The Pensions Regulator has released its funding statement for 2018 in which trustees of defined benefit schemes are advised to focus on balancing the risks they face when agreeing their approach to upcoming valuations and scheme strategies.

In particular, tPR expects trustees to focus on the integrated management of three broad areas of risk: employer covenant, investment risk and scheme funding plans.

Trustees are advised that they should work with their professional advisers to agree a practical approach in managing the key risks in a way that is proportionate and appropriate for their scheme. The statement makes clear that they should prioritise risks according to how much they affect their scheme’s long term funding target and the employer’s capacity to support it.
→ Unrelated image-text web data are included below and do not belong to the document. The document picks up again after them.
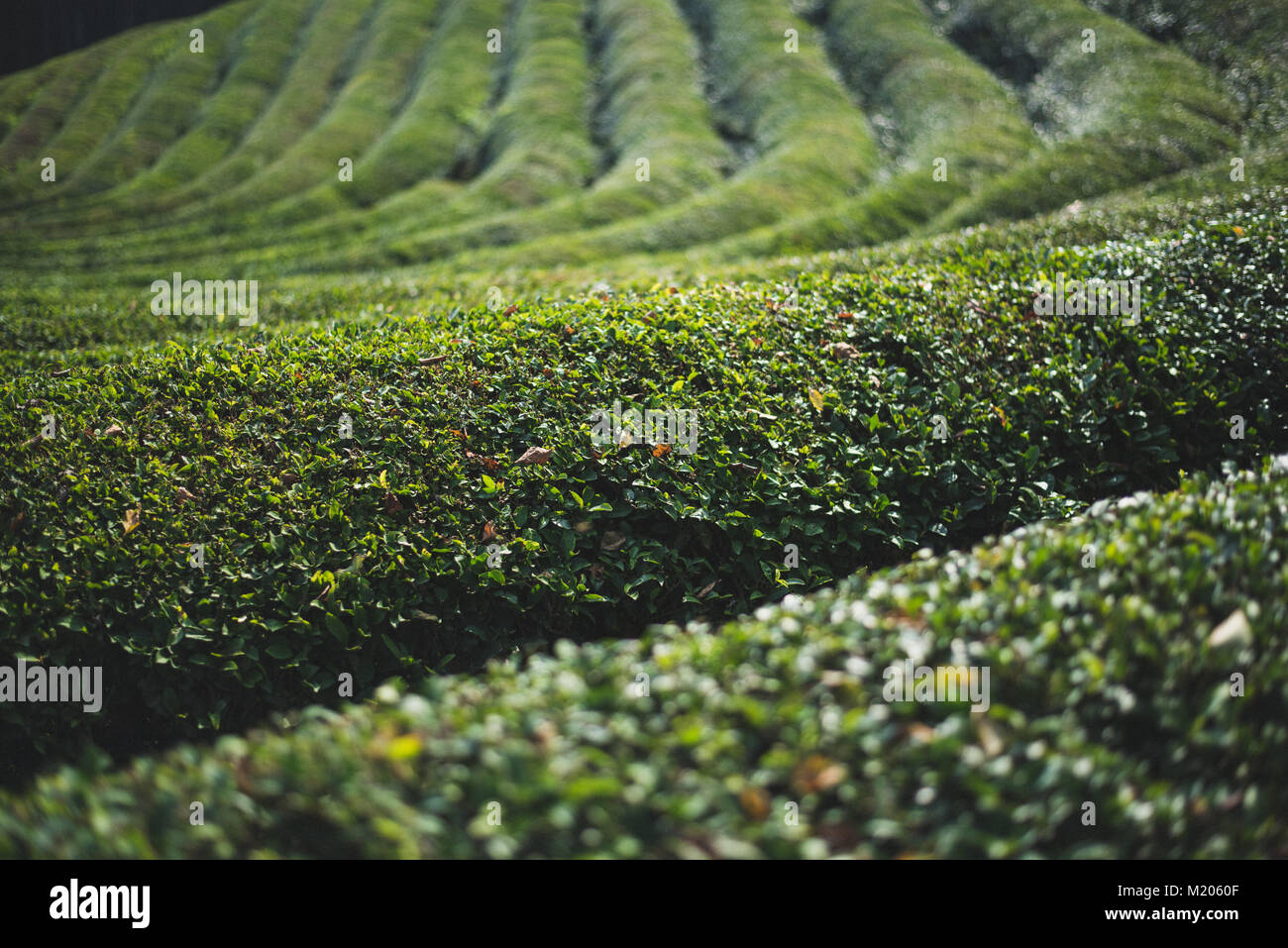 Amongst the green tea plants at Boseong Tea Plantation, South Korea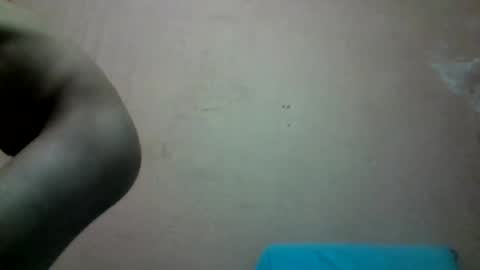 dogman2219 online show from July 5, 12:57 am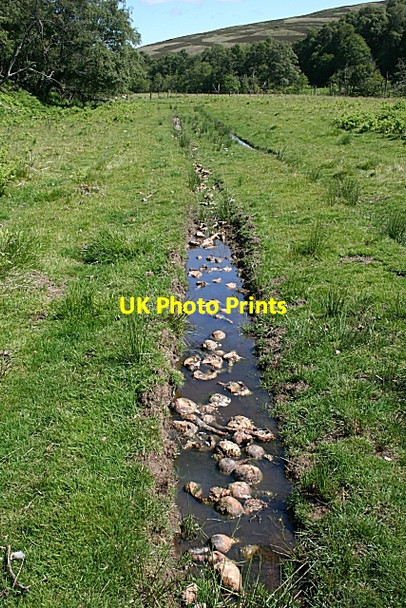 Photo 6"x4" Rotting Neeps Milltown of Auchindoun c2009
Unsurprisingly, the issue of Brexit is addressed with tPR expecting trustees to have open and collaborative discussions with their sponsors and to consider how increasing uncertainty as Brexit approaches may affect their scheme sponsor’s ability to provide support.

Also unsurprising given recent events conflicting corporate activity with pension security, is the Regulator’s expressed concern about the growing disparity between dividend growth and stable deficit reduction payments. The statement advises trustees to assess the impact of dividends on the employer’s covenant and whether their scheme is being treated fairly in light of what it needs to pay the promised benefits.

The funding statement follows what has been a turbulent few months for the Regulator; having been criticised by some for non use of its powers in the lead up to the Carillion collapse, then receiving plaudits for hard line enforcement action against companies trying to avoid auto-enrolment duties and finally the promise of new powers contained in the recent pensions white paper.

It promises to be an interesting year.